Почему не подействует, он не прибавил; но так ясно, как будто бы он это предо мной отстукал по телеграфу (я не знаю Морза, но другого сравнения нет), я прочел за его отрывистым раздражением: оттого не подействует, что все ораторы «из ваших» — или еще точнее. Вообще видно было, что он раздражен, а Маруся и тоном речи, и всей повадкой старается его утешить или задобрить.
Он посмотрел на часы, потом на Марусю вопросительно. Она сказала мне:
— Обещайте Алексею Дмитриевичу, что вы меня саму одну не отпустите и доставите домой на извозчике. Ему нужно в контору с отчетом, — а он боится, как бы я еще не уехала на броненосец.
Я ответил, что полагалось; и он попрощался, даже не сговариваясь с Марусей, где и когда они снова встретятся. Это могло означать и то, что они повздорили, и то, что уже раньше сговорились; я сообразил, что скорее второе.
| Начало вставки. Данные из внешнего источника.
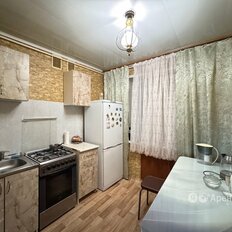 Квартира 36 м², 1-комнатная - изображение 2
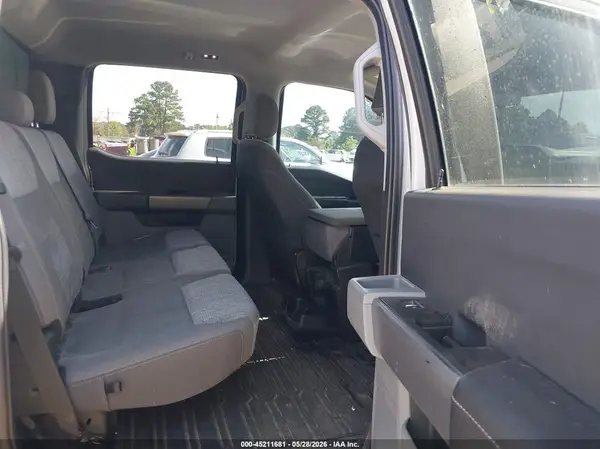 1FTFW1E54PFA00626 2023 FORD F-150 - Image 8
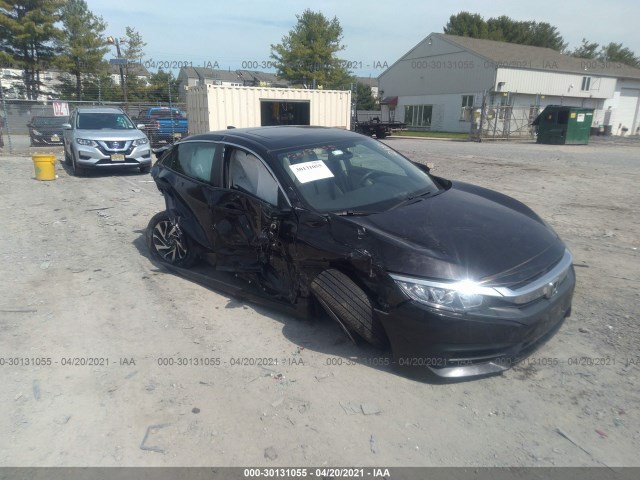 HONDA CIVIC SEDAN 2018 2hgfc2f78jh511097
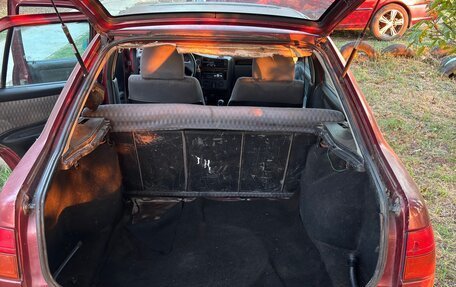 SEAT Toledo III, 1991 год, 100 000 рублей, 10 фотография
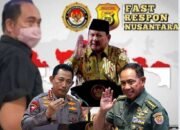 5000 Berita Polisi Setiap 24 Jam, Komitmen untuk Keamanan Nasional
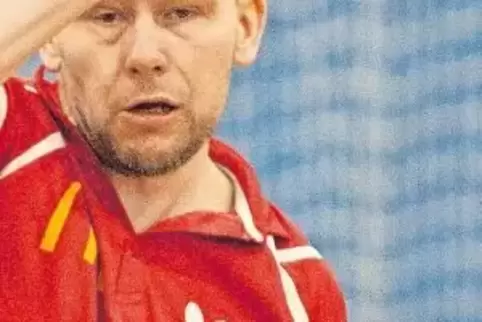 Gewann sein Einzel gegen den Tabellenführer Kornwestheim mit 3:1 und siegte auch mit Antoni Witkowski mit 3:1: Grzegorz Adamiak 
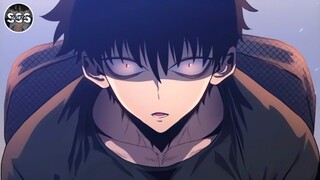 Pemuda Level 1 Dengan Gangguan Jiwa Tapi Punya Kekuatan Setara Level MAX 999 !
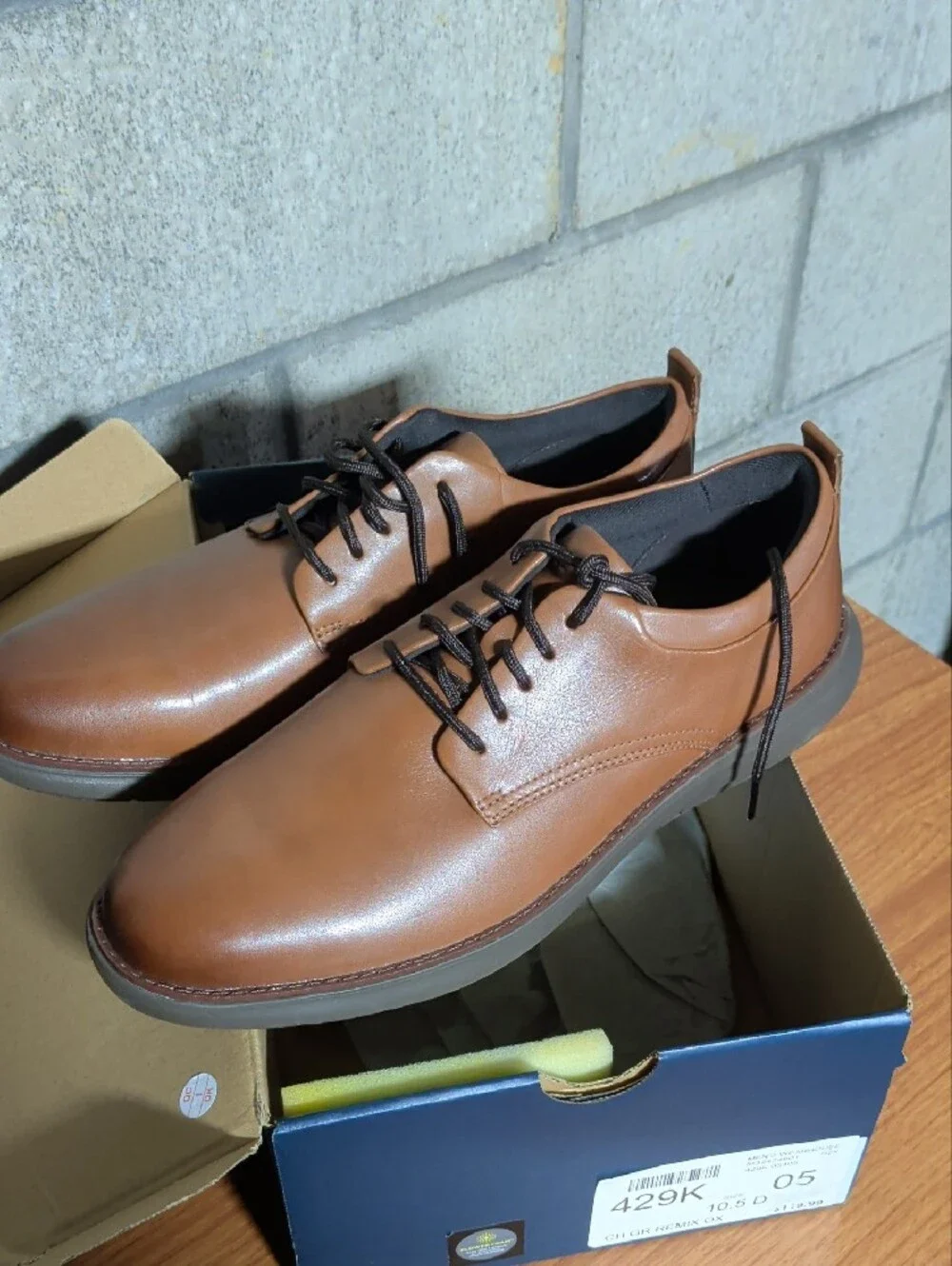 Cole Haan classic men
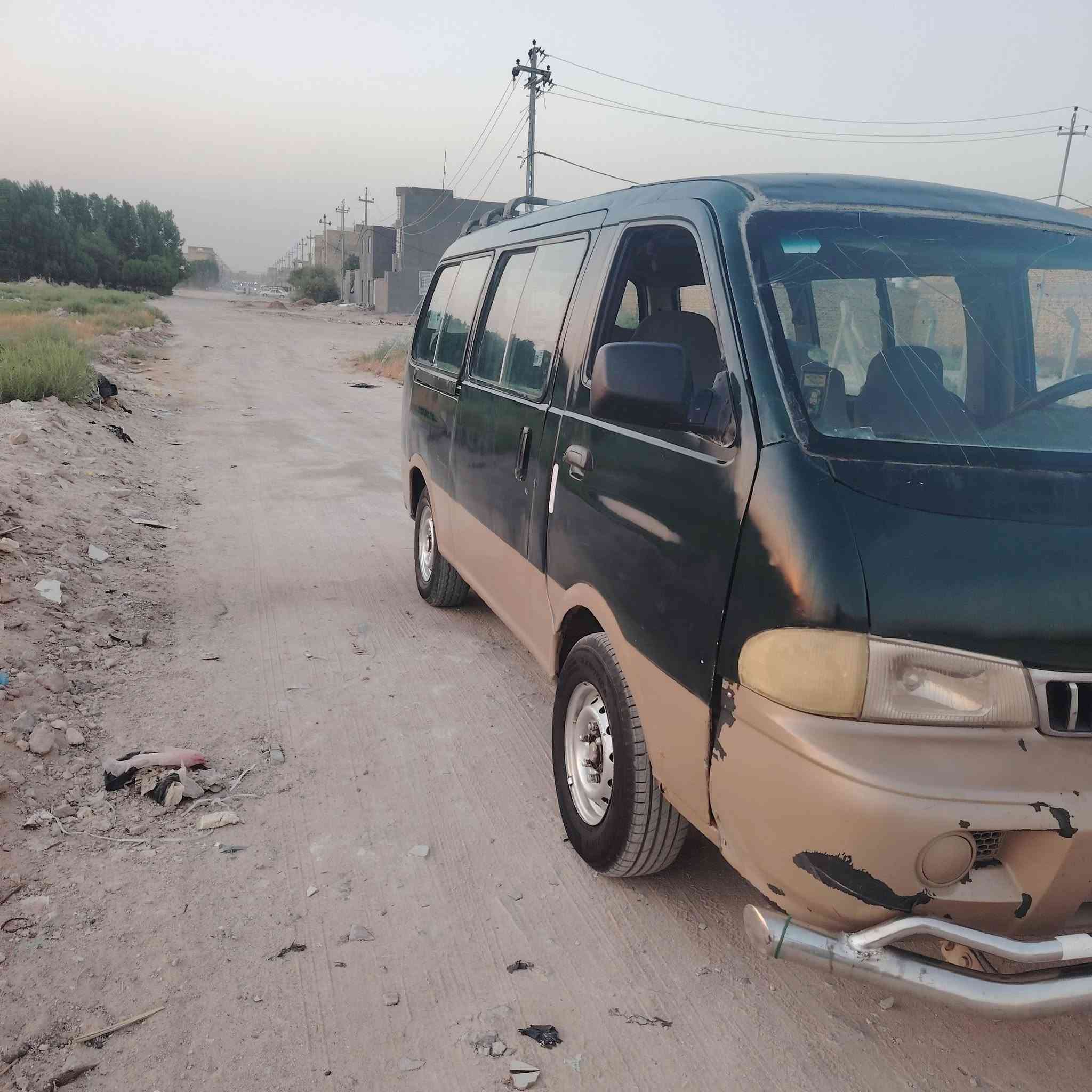 السلام عليكم بريجو مديل ٩٦ رقم بابل مكينه كير اكسن مكفولات تخم تاير جديد التفاصيل الباقيه يم راعيها ٣٢وبيها مجال العنوان نجف ***********

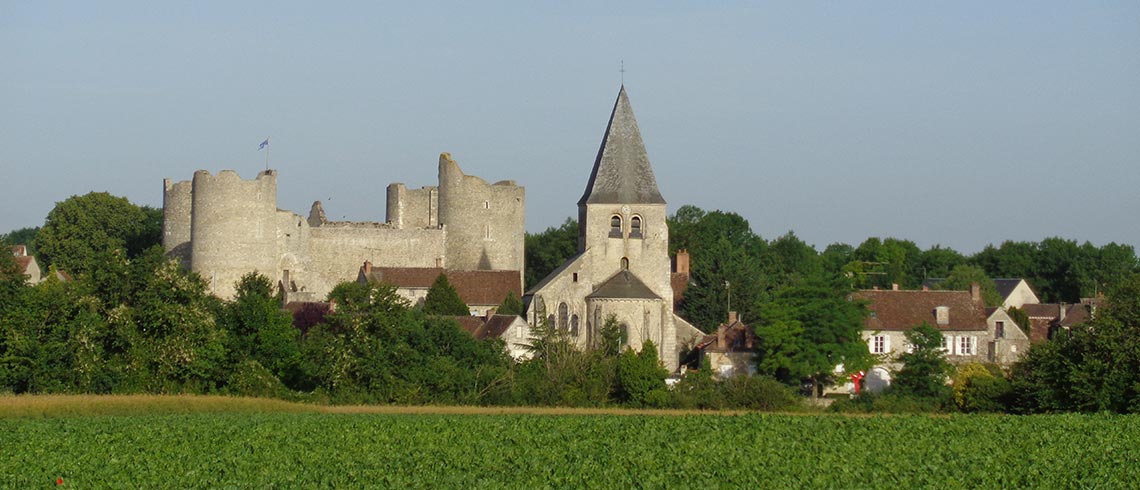EURO IMMOBILIER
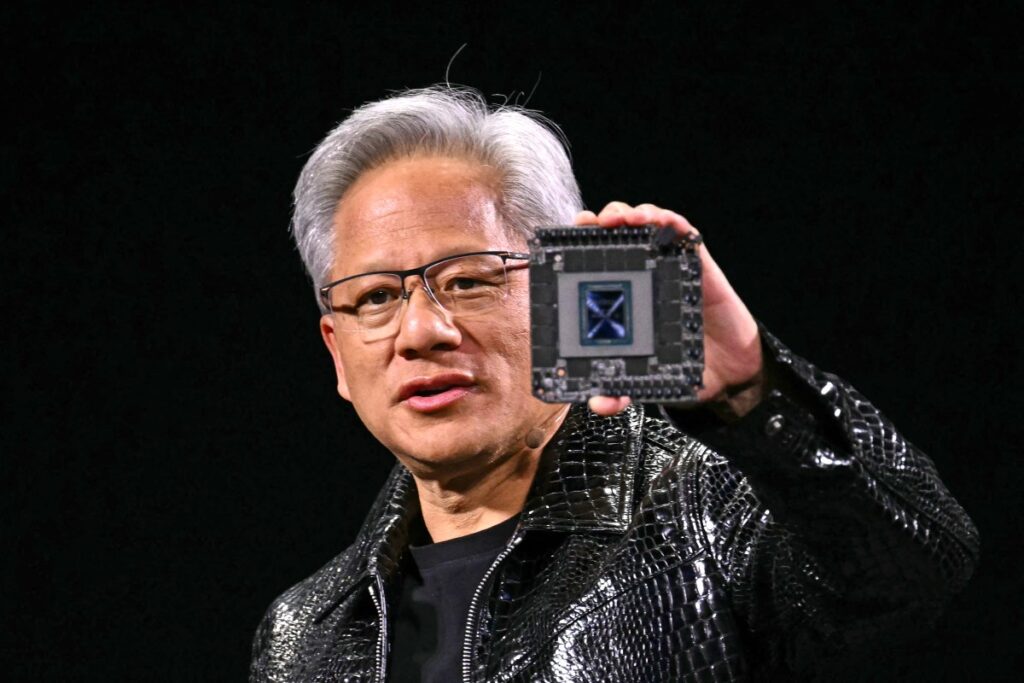 Nvidia’s $2 billion Synopsys bet strengthens its grip on chip design stack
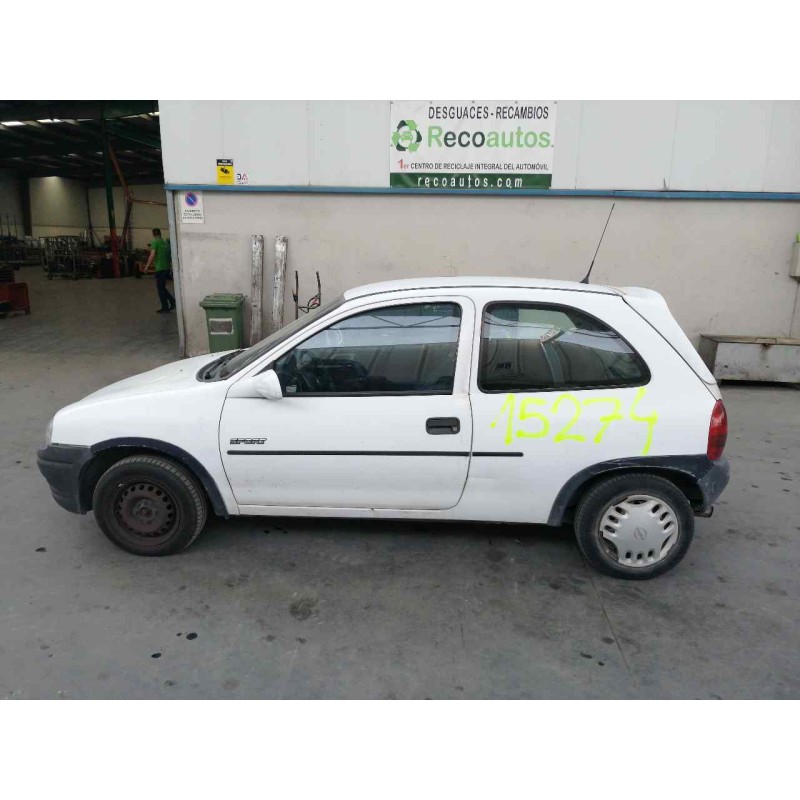 opel corsa b del año 1995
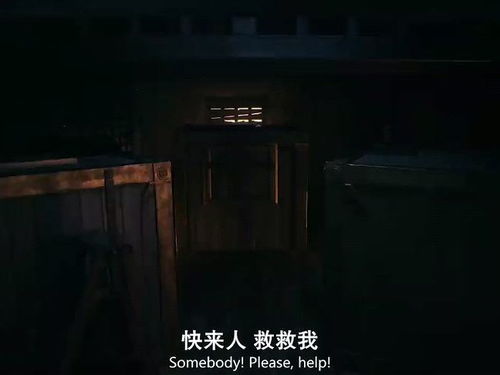梦见自己租的房子里有鬼，求高人解释详细如下
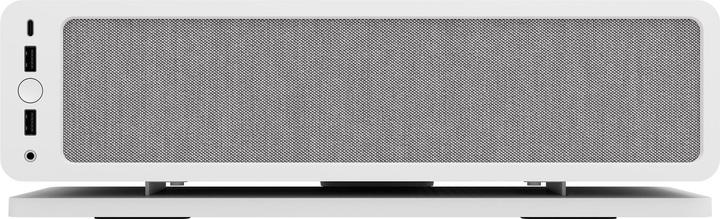 Actual product image Fractal Ridge (Mini-ITX)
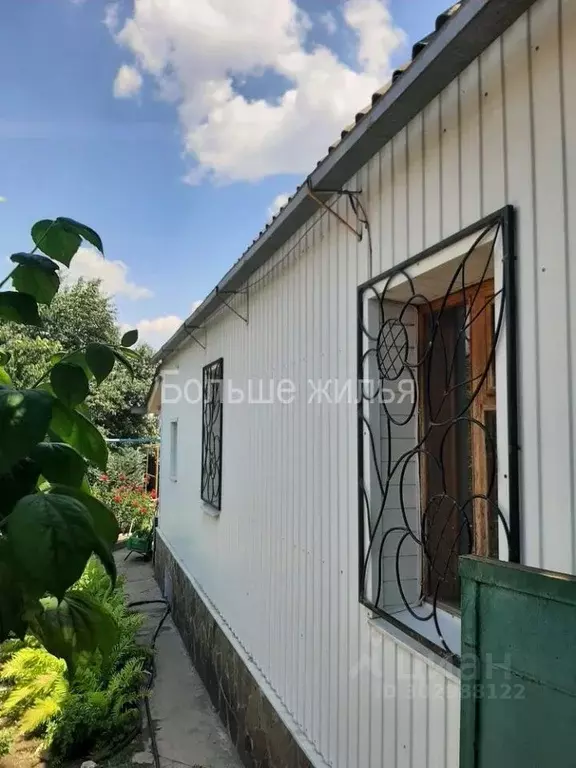 Дом в Волгоградская область, Волгоград ул. Немировича-Данченко (58 м) - Фото 1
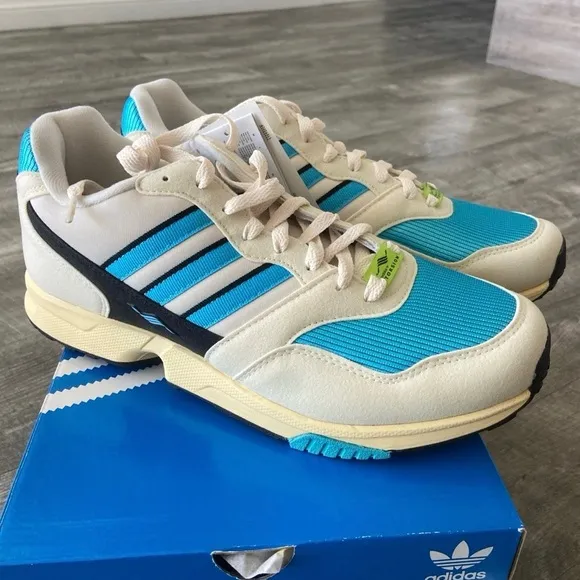 Adidas Originals ZX1000 Retro Sneakers Shoes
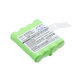 Baterie pro Uniden Gmr1048-2ck, 600mAh, Ni-MH, 4.8V, 21-1926, HQ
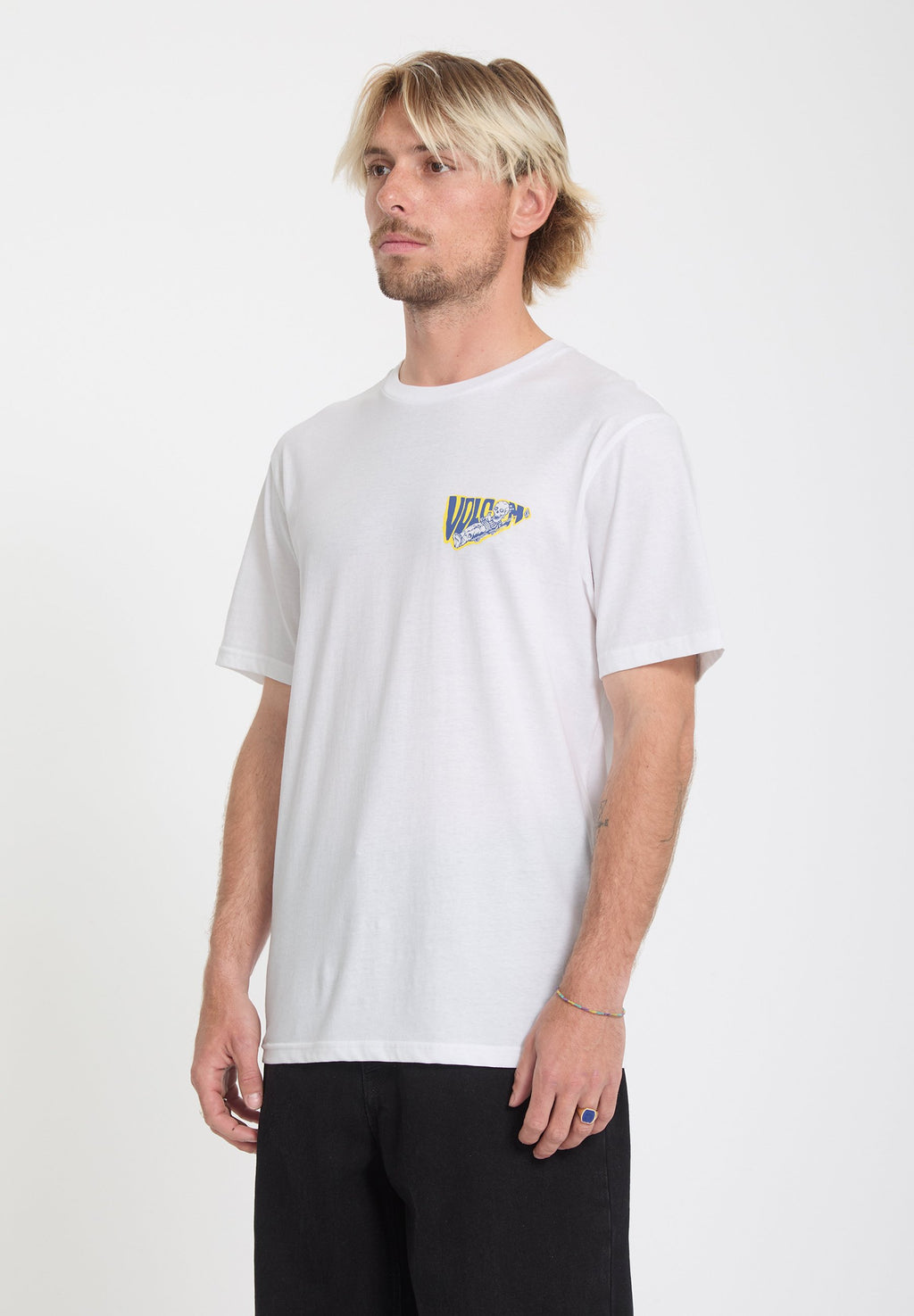Volcom ALIX COFFIN BSC SST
Как только он нас покинул, из Маруси словно завод вышел. На дрожках она сидела подавленная и расстроенная, молчала и я молчал. Только и в ее мозгу неслышно стучал телеграф, и мне снова казалось, что я понимаю. Вероятно и ей чувствовалось, что я слежу за ее мыслями, потому что недалеко уже от своего дома она вдруг заговорила, не глядя:
— Вы были правы.
Я обернулся к ней, но ничего не спросил. Незачем было спрашивать, все ясно. Не для широкой степной и морской натуры твои полуподарки, Маруся; или все, или-.
Через минуту она сказала, скорее не мне, а для себя:
— А я по другому не могу.
Я молчал.
— Душонка такая, без размаха; на короткую дистанцию, — прибавила она злобно.
Я молчал. Она не двигалась, сидела прямо под моей рукой, обнимавшей ее талию, но впечатление было: мечется. Еще через минуту она с бесконечной тоской прошептала:
— Дайте совет… если смеете.
— Смею, — ответил я резко. — Надолго он здесь?
— Завтра хочет ехать в Чернигов.
— Так вы мне прикажите сейчас же, хоть на этом извозчике, увезти вас в Овидиополь; а завтра к маме в Карлсбад.
Она передернула плечами и перестала разговаривать. Мы подъехали к ее дому; звоня у двери, она мне бросила:
— Овидиополь, кстати, тоже сегодня здесь.
Не люблю я вспоминать о том дне: суеверно не люблю — с него началось, вокруг семьи, ставшей дляя меня родною, то черное поветрие, которому суждено было за три года превратить Анну Михайловну в Ниобею, и самый путь моих друзей окружить и чужими надгробными надписями. Но не люблю того дня и помимо этой личной боли. Мы его встретили благоговейно, верили, что это Он — денница денниц, начало долгожданных свершений. Может быть, исторически оно так и было; но глупые, неопытные, молодые, мы не предвидели, что хорал его, начавшийся набатом, в тот же вечер собьется на вой кабацкого бессмыслия.
XIX
ПОТЕМКИНСКАЯ НОЧЬ
Вечером, когда я был дома, зашел за мной Самойло: тоже, оказалось, случайно приехал за покупками для своего магазина и попал на праздник. Он у меня был впервые, сесть отказался: на улице ждет вся компания, решили пойти в парк и оттуда с обрыва глядеть, что будет твориться в порту; говорят в городе, что — будет «твориться». Все там, только Сережа-головорез в третий раз за день ушел в порт, уже прямо по массивам — все спуски теперь заперты полицией — но обещал тоже придти в парк.